We imagine milk jugs and fruit trays being melted down and turned into trainers or plastic bottles. This type of recycling process – called ‘physical’ or ‘mechanical’ recycling – is relatively expensive and energy intensive. More importantly, the presence of plastic mixtures or even minute amounts of additives in commercial products, in addition to the reprocessing treatment itself, downgrades the quality of the recycled plastic. This means that plastics recycled this way are not financially or physically adequate for many of the applications that brand new, ‘virgin’ plastics are used for. Because of this recycling still represents a small fraction of what happens to our plastic products at the end of their life.

The contamination of our oceans and rivers is one direct consequence of the lack of alternatives for managing plastic waste.

Not all plastics are even suitable for mechanical recycling.

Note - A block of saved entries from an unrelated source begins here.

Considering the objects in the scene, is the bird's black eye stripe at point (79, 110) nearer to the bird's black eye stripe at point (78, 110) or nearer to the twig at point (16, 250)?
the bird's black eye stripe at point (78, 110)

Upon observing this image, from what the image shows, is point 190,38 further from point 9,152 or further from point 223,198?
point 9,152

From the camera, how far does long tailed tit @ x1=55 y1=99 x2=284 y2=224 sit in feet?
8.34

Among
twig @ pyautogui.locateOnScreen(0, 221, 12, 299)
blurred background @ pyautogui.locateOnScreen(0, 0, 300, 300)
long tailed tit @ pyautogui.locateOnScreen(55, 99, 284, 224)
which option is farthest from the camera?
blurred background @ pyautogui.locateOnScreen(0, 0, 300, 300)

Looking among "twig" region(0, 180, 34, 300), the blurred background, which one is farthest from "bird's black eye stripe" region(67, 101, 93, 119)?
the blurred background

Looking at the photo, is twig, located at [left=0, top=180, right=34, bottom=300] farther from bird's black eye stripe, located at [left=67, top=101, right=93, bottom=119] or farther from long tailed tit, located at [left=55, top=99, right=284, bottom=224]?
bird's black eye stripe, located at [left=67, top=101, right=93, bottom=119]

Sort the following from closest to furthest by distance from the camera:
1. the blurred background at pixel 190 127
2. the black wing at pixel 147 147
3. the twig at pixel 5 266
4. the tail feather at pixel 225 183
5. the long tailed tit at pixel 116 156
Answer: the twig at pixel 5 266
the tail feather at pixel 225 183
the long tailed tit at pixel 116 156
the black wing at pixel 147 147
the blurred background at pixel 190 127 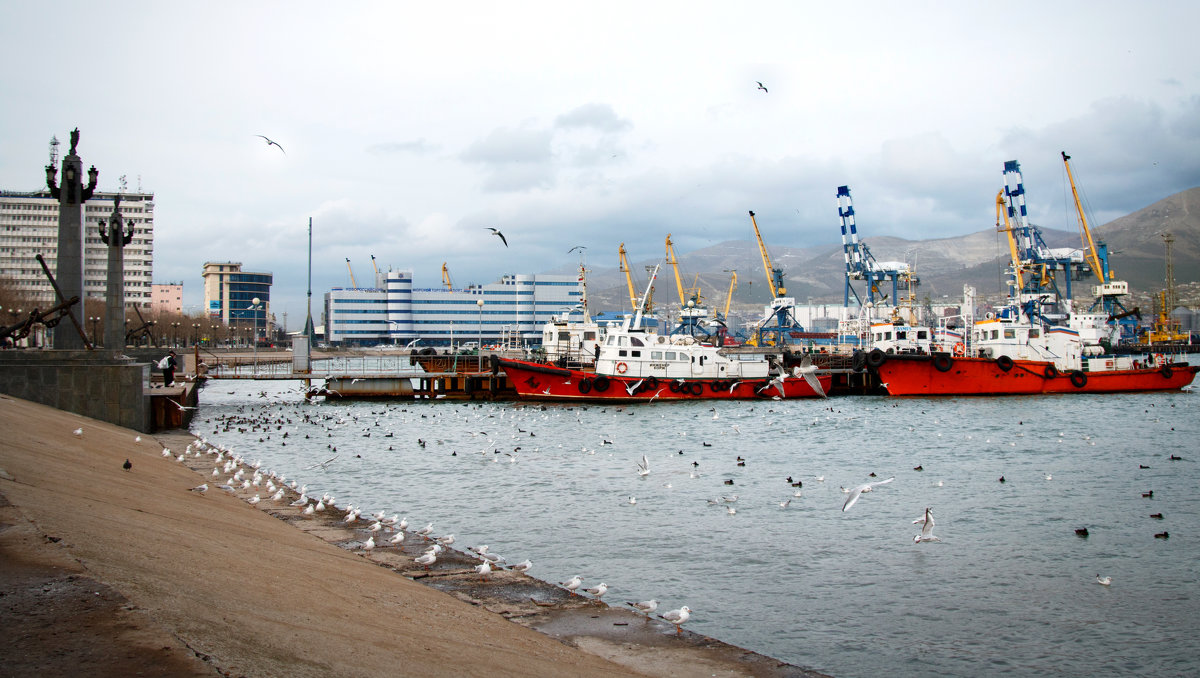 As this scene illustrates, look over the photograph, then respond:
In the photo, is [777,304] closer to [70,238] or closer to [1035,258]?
[1035,258]

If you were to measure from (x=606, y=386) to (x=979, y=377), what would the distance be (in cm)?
2275

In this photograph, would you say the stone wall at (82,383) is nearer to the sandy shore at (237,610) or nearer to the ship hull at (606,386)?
the sandy shore at (237,610)

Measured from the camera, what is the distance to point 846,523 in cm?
1709

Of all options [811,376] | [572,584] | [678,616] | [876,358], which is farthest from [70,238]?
[876,358]

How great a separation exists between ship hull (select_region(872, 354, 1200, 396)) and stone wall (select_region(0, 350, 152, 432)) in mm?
39274

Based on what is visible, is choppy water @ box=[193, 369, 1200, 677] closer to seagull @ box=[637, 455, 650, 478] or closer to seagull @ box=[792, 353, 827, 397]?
seagull @ box=[637, 455, 650, 478]

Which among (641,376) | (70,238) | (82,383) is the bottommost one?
→ (641,376)

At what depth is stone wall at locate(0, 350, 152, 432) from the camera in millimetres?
→ 25125

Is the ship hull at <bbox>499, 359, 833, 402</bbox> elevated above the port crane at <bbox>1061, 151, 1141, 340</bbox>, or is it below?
below

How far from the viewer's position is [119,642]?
6.04 meters

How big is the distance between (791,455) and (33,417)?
21.7 m

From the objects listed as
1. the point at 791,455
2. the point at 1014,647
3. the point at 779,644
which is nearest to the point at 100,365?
the point at 791,455

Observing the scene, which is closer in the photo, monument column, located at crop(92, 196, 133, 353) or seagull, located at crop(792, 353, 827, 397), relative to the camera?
monument column, located at crop(92, 196, 133, 353)

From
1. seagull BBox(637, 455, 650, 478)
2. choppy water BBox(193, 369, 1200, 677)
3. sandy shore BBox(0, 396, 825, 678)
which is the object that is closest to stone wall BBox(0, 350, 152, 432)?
choppy water BBox(193, 369, 1200, 677) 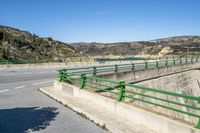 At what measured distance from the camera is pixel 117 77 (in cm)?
1795

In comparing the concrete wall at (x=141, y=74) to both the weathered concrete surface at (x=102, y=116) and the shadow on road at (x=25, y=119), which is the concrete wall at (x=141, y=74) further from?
the shadow on road at (x=25, y=119)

Only thermoplastics, that can flow when heated, can be remoulded into new shapes and products. Other very important plastics, like some of those found in cars and electronic devices, cannot be melted or reprocessed. In the best scenario, these materials are downcycled to less valuable products. More typically, they are burned or landfilled.

The contamination of our oceans, rivers, and coastal environments with microplastics is one direct consequence of the lack of alternatives for managing our plastic waste. We cannot solve all of our plastic problems by relying on this single avenue for recycling. This is why researchers around the world are actively investigating chemical pathways to recover the molecular building-blocks that made the plastics in the first place.

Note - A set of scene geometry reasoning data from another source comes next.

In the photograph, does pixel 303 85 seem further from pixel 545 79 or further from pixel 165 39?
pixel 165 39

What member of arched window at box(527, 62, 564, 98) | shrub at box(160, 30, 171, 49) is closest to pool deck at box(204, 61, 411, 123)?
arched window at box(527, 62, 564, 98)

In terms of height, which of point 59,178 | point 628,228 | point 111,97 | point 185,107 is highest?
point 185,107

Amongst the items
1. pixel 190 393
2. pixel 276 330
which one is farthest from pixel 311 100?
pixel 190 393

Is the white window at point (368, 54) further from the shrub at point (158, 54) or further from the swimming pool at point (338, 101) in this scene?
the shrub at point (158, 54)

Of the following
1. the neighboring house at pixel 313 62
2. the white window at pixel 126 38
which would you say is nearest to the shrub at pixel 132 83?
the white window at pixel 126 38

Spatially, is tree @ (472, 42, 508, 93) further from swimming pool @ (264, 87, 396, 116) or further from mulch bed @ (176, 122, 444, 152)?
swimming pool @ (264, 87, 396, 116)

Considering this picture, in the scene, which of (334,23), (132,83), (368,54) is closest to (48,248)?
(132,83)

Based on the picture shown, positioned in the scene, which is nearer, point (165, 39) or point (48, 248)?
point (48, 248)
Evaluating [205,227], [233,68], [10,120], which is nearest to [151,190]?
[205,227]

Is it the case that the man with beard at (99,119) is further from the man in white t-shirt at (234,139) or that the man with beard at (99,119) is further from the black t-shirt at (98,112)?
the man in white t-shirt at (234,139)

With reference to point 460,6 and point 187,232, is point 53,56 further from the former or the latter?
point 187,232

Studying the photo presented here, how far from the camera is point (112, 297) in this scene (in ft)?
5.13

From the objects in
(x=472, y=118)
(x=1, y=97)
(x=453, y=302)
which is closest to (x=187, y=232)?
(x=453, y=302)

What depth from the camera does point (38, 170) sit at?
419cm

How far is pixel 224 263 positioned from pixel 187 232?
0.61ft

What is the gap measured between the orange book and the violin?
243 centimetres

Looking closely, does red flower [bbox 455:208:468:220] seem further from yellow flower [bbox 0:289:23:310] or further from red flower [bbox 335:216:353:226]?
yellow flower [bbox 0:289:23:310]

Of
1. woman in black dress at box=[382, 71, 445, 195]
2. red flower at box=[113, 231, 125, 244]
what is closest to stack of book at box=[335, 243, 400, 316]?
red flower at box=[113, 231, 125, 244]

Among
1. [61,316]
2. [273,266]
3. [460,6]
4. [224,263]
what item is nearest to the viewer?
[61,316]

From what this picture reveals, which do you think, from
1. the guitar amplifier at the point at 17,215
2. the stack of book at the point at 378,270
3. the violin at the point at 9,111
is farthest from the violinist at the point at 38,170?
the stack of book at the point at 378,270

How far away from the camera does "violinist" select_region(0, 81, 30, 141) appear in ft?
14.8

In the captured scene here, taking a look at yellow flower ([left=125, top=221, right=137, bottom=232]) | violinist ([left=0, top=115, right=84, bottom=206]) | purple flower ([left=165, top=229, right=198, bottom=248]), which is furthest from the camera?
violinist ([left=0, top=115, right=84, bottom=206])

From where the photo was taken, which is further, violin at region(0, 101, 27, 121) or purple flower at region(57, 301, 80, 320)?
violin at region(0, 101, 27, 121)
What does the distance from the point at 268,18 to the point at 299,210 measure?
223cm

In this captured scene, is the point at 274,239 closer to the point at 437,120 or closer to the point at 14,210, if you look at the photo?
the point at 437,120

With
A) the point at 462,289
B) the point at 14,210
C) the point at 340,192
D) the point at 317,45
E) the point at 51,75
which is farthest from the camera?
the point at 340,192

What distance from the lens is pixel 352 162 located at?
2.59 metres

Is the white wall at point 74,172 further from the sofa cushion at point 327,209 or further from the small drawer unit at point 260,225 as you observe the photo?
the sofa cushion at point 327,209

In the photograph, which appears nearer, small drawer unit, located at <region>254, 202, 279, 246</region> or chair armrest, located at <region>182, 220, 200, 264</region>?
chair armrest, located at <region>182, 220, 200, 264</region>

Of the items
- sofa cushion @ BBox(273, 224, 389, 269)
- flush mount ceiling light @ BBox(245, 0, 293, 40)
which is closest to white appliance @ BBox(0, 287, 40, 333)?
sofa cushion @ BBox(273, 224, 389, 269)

Plastics, or polymers, are made of many repeat units called monomers linked into long molecular chains, sometimes dozens or hundreds of units long. By breaking these molecular chains back into their links, ‘chemical’ recycling can turn polymers back into these monomers. Chemical recycling can also be applied to many materials not suitable for mechanical recycling. And the raw materials recovered in this way, are similar, if not identical, to what is used to create brand new plastics. In turn, plastics created with chemically recycled monomers are virtually indistinguishable from virgin plastics in both quality and application potential.

Closed-loop recycling could create a revolution in the perception of discarded plastics. What is now rubbish would become a resource.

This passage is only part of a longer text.